> Posted by Laura Galindo
Few international microfinance events aim to provide commercial MFI staff with guidelines and practical approaches for their professional development. The VI International Summit for Microfinance Staff, seeks to change that, and the Smart Campaign was fortunate enough to be a part of a select group of presenters.
Organized by Fundación Alternativa in Quito, Ecuador on June 20-21, the Summit was well attended by 172 loan officers, branch managers, coordinators, supervisors and office managers from 58 microfinance institutions from Guatemala, Ecuador, Bolivia and Perú.
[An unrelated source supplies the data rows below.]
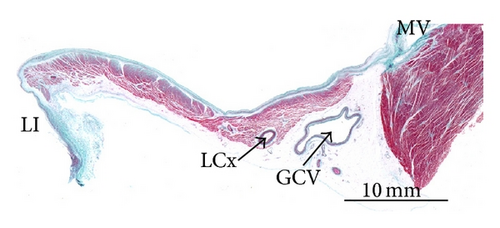 Details are in the caption following the image
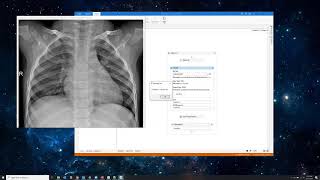 Detecting COVID  19 cases with RPA AI and Machine Learning  UiPath [upl. by Darn379]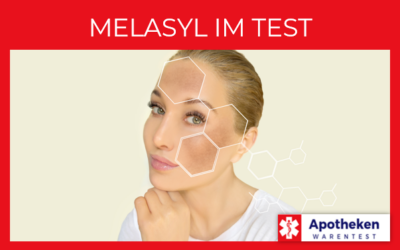 Melasyl – Was hilft bei Pigmentflecken?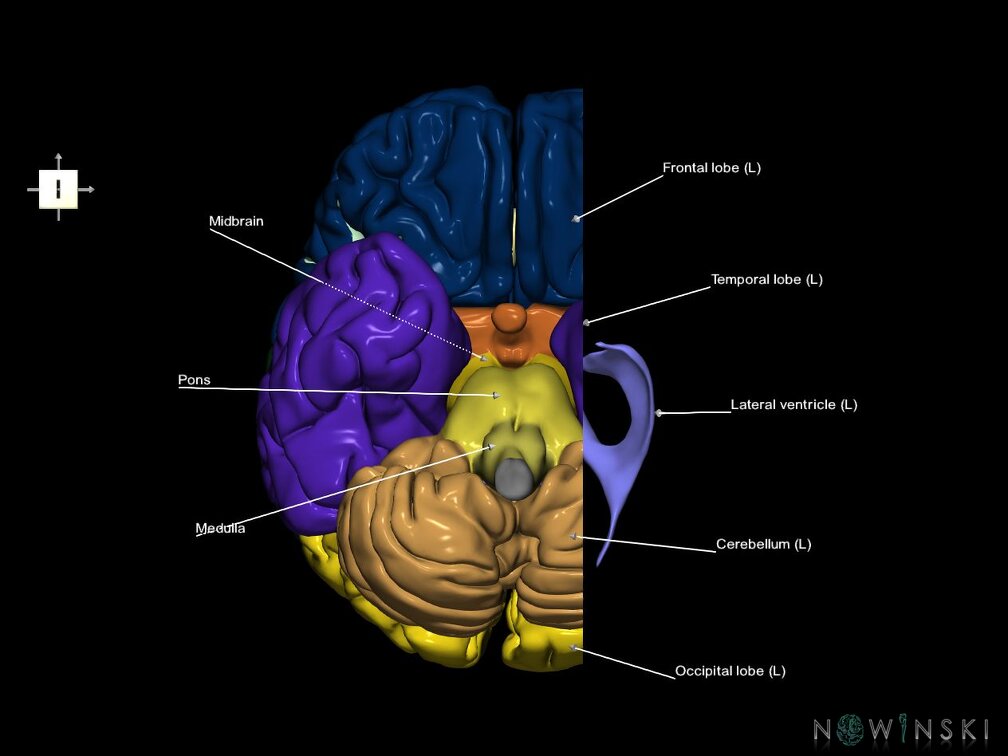 G7.T2.1-12.V6.Dl20.C2.L1.Brain left cut–Cerebral ventricles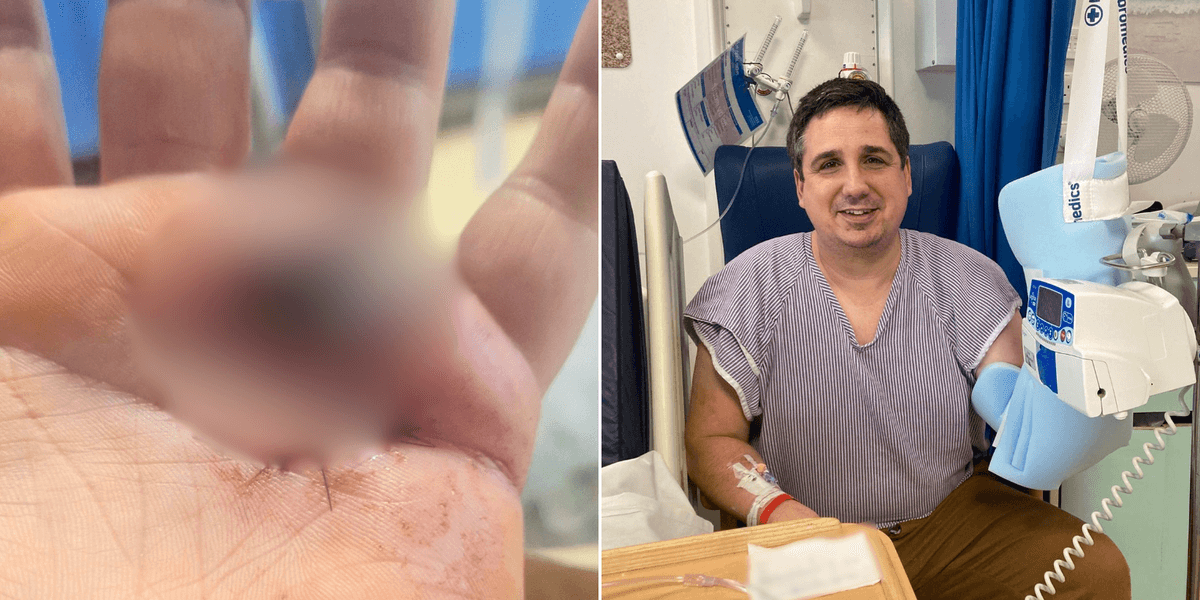 Man hospitalised after being POISONED while out picking berries in bid to brew homemade gin Man hospitalised after being POISONED while out picking berries in bid to brew homemade gin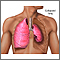 Collapsed lung, pneumothorax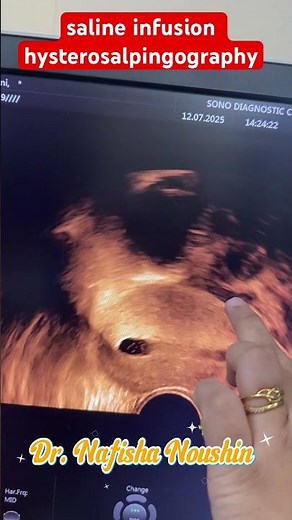 saline infusion sonography #ultrasound #salineinfusionsonography #infertility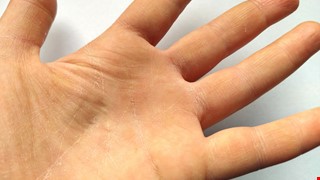 Hand Eczema 什麼是富貴手？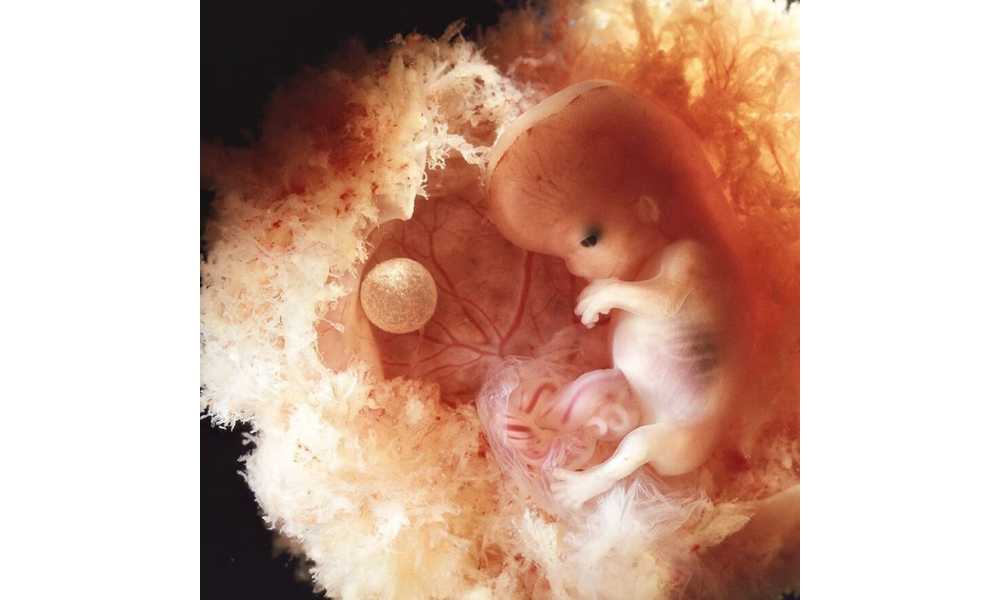 Foto dentro de un útero humano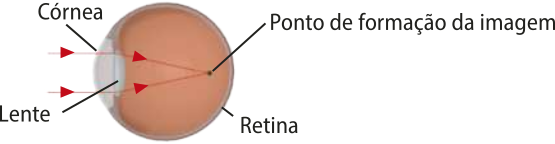 Representação das imagens que se formam no olho do funcionário 'A'. Na imagem o globo ocular, com a córnea e a lente na parte da frente e a retina ao fundo, o ponto de formação da imagem é anterior a retina.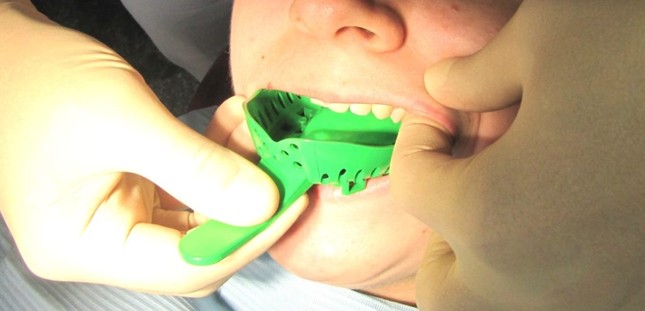 На этапе снятия оттисков зубов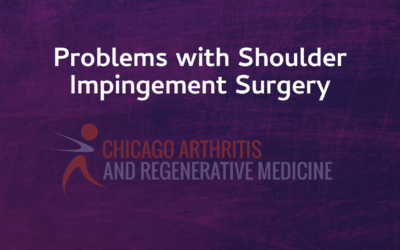 Issues with Shoulder Impingement Surgery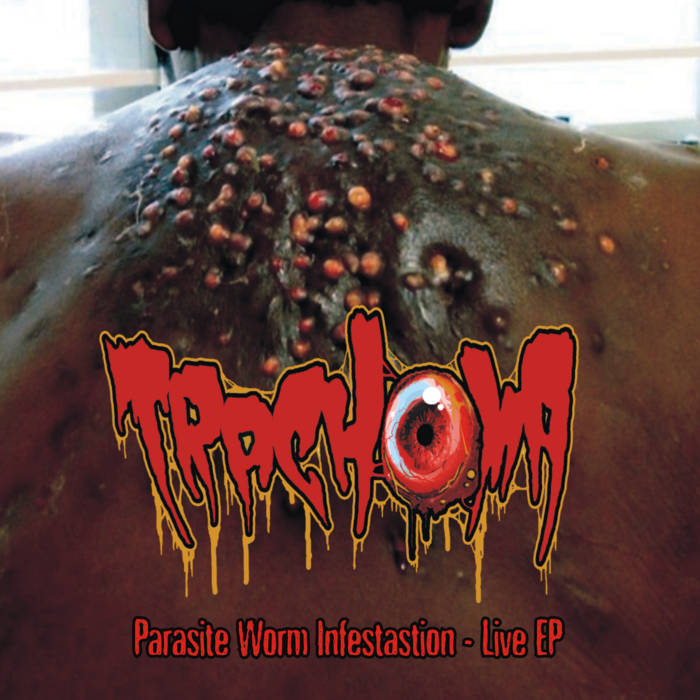 Parasite Worm Infestation - (Gore)Alive Ep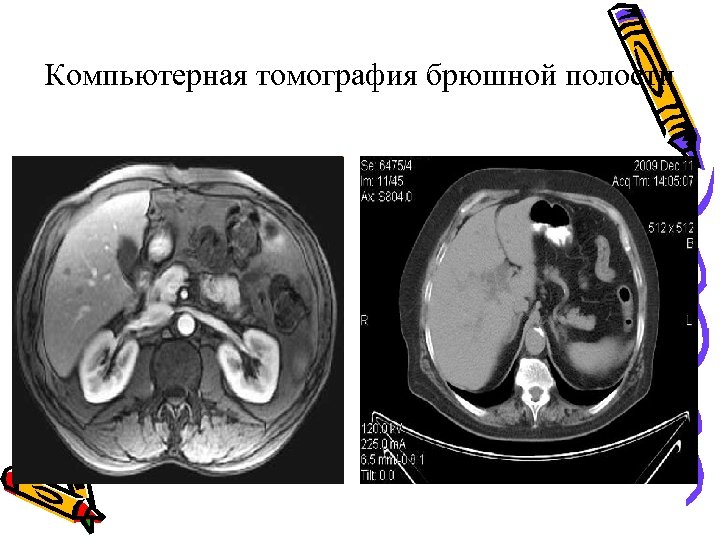 Компьютерная томография брюшной полости 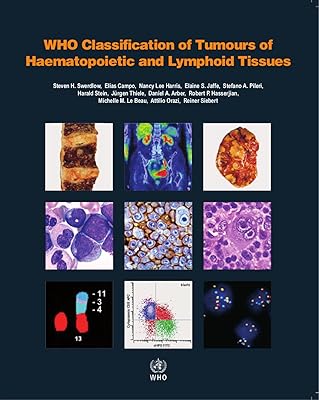 WHO Classification of Tumours of Haematopoietic and Lymphoid Tissues [OP]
Days before the summit, Rafael Correa, Ecuador’s president made a strong statement about over-indebtedness in his country. President Correa’s statement generated a strong reaction throughout Ecuador. He revealed that “41 percent of the families in Ecuador who asked for loans are over-indebted.” This amounts to approximately 400,000 families and could have serious consequences, not only for those affected, but also for the Ecuadorian banking system and economy. Correa blamed the excessive liquidity of banks and the increase in the minimum wage for the problem.
The Smart Campaign was the focus of one of the main tracks of the conference, Efficient Management based on the Smart Campaign’s Client Protection Principles, and within that track the Campaign addressed over-indebtedness from a front line staff perspective.
Correa’s over indebtedness alarm was provocative and generated sometimes heated conversations during coffee breaks and informal conversations. There were many views on the topic. Some Ecuadorian loan officers were hesitant to believe the President’s statements. Others said that it could be possible, citing the lack of institutions that report to credit bureaus and the lack of oversight from authorities as the reason why many clients have more than two loans.
But Rolando Virreira, the Campaign’s presentation leader, got the conversation started based on materials developed by the Campaign, the conversation became less political and more practical. Key conversation topics included the role of credit teams, loan officers, supervisors, and field staff in microfinance institutions. Participants discussed how their actions as loan officers or executives could ultimately impact clients.
Participants identified with others’ opinions and first hand experiences with over-indebtedness. Incentive pay, clients with multiple loans, the role of financial education and the competitive landscape were all part of the mix of topics raised. If one participant expressed concern about how hard it was to meet the sales targets and obtain bonus pay at his institution, a second participant would have a similar story, despite working at a different organization in a different country.
Regardless of the country context, we share many issues that must be addressed from an industry perspective. Knowledge sharing and convening with those people who deal with clients on a day to day basis is an important part of the conversation, for ultimately they are the real changemakers.